Material for this task:
* * * * * * * * *
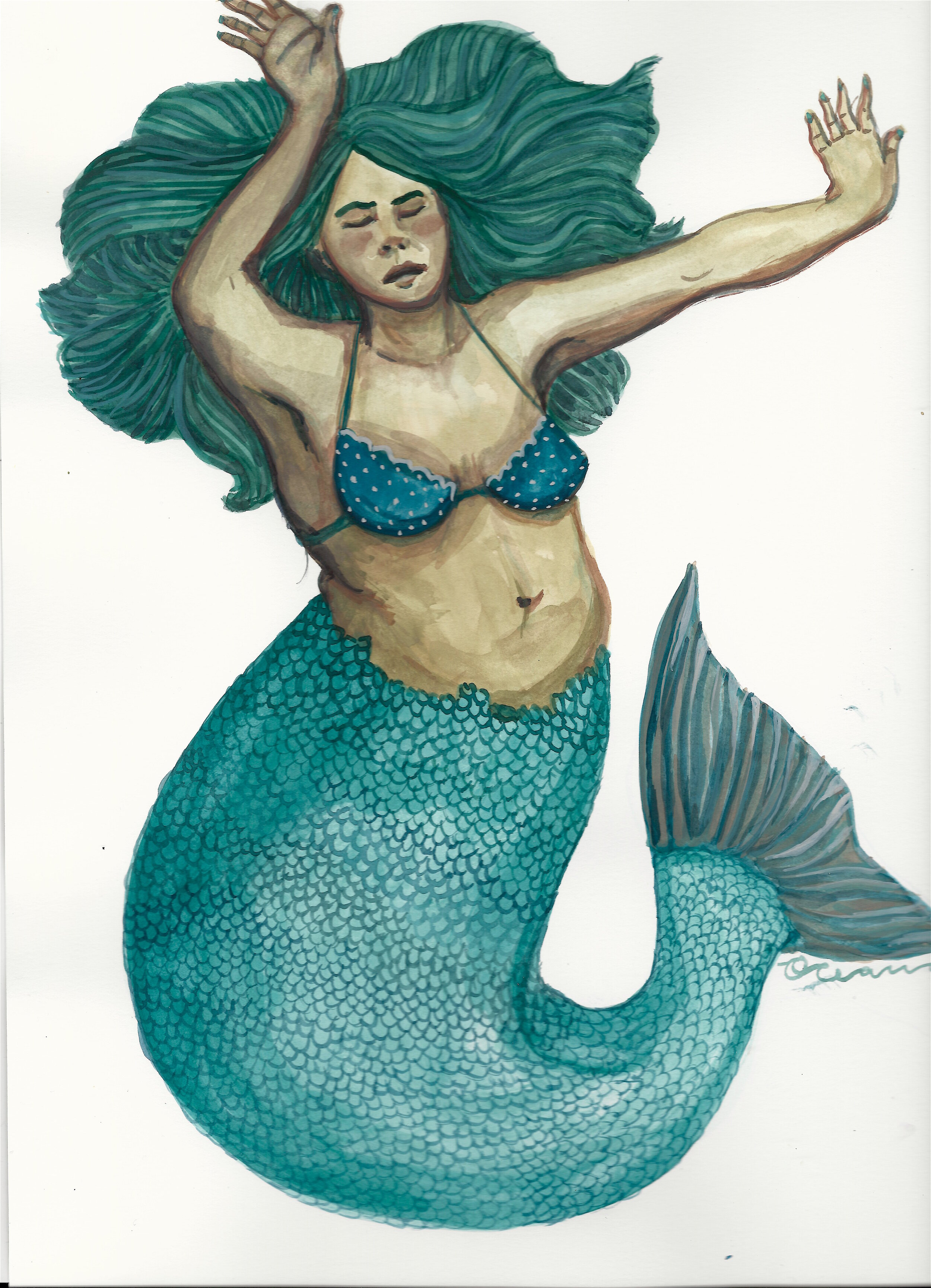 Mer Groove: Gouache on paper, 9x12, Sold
* * * * * * * * *
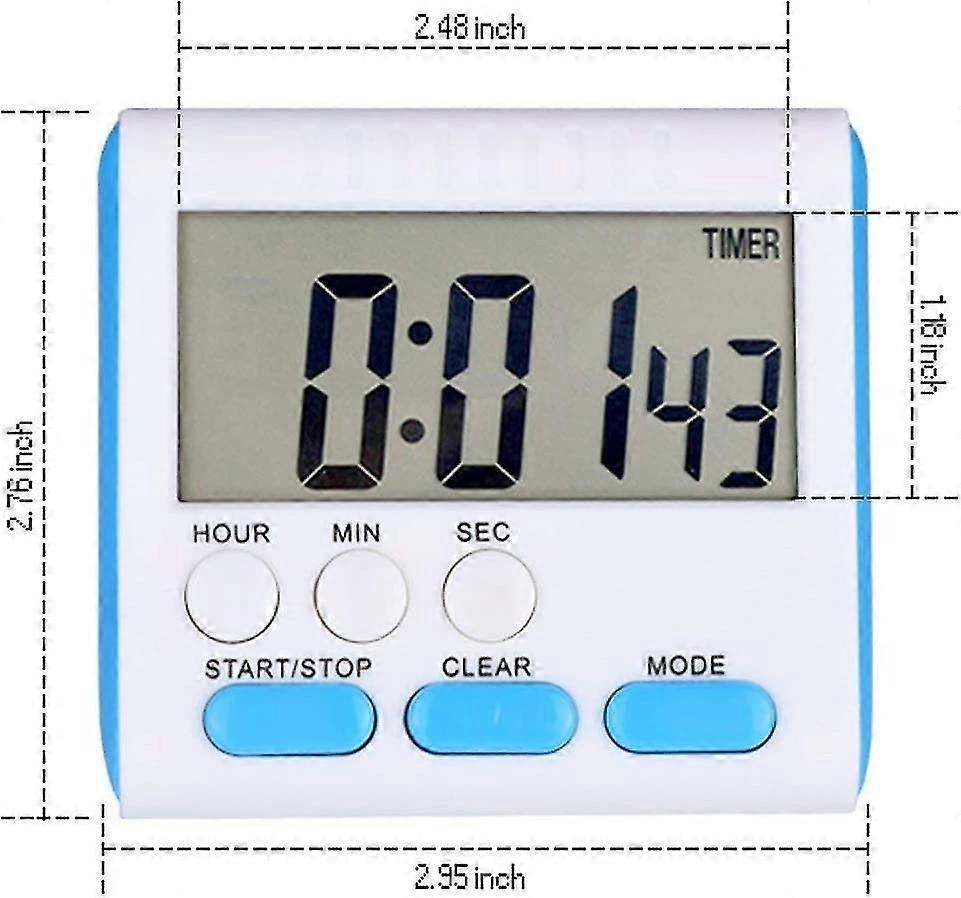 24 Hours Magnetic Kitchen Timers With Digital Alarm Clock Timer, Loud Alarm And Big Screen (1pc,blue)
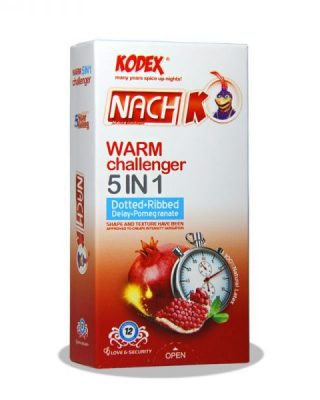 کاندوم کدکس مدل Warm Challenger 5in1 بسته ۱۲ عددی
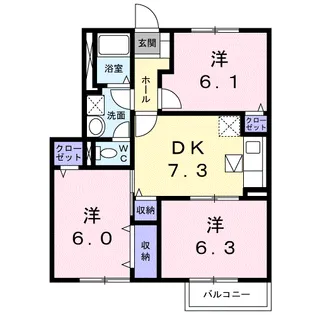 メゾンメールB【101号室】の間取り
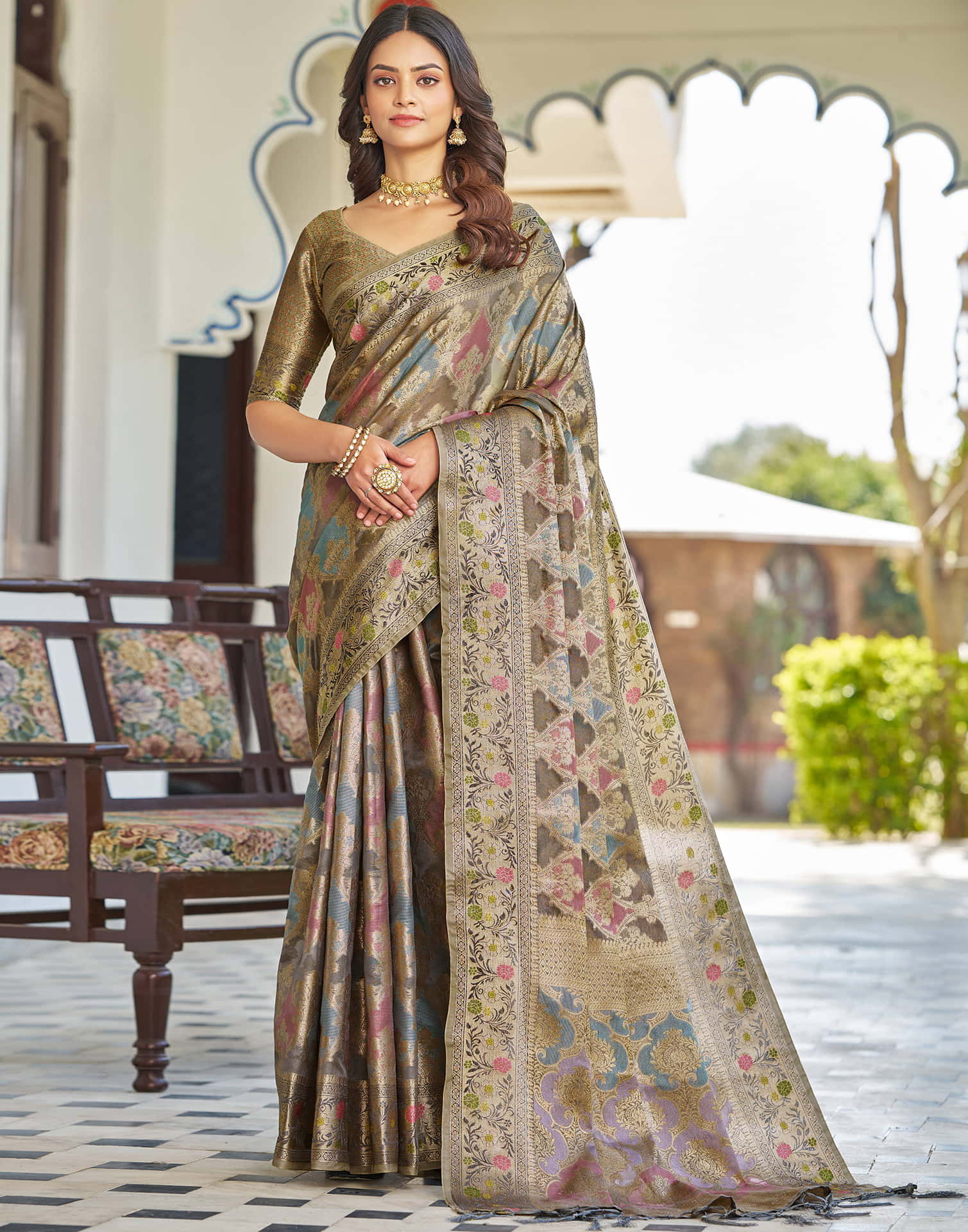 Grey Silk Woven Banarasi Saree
* * * * * * * * *
Task brief: Restate word for word the lines of the data above that begin at the line with "24 Hours Magnetic" and end at the line with "Grey Silk Woven Banarasi Saree", keeping both ends and dropping every picture.

Solution to the exercise:
 24 Hours Magnetic Kitchen Timers With Digital Alarm Clock Timer, Loud Alarm And Big Screen (1pc,blue)
 کاندوم کدکس مدل Warm Challenger 5in1 بسته ۱۲ عددی
 メゾンメールB【101号室】の間取り
 Grey Silk Woven Banarasi Saree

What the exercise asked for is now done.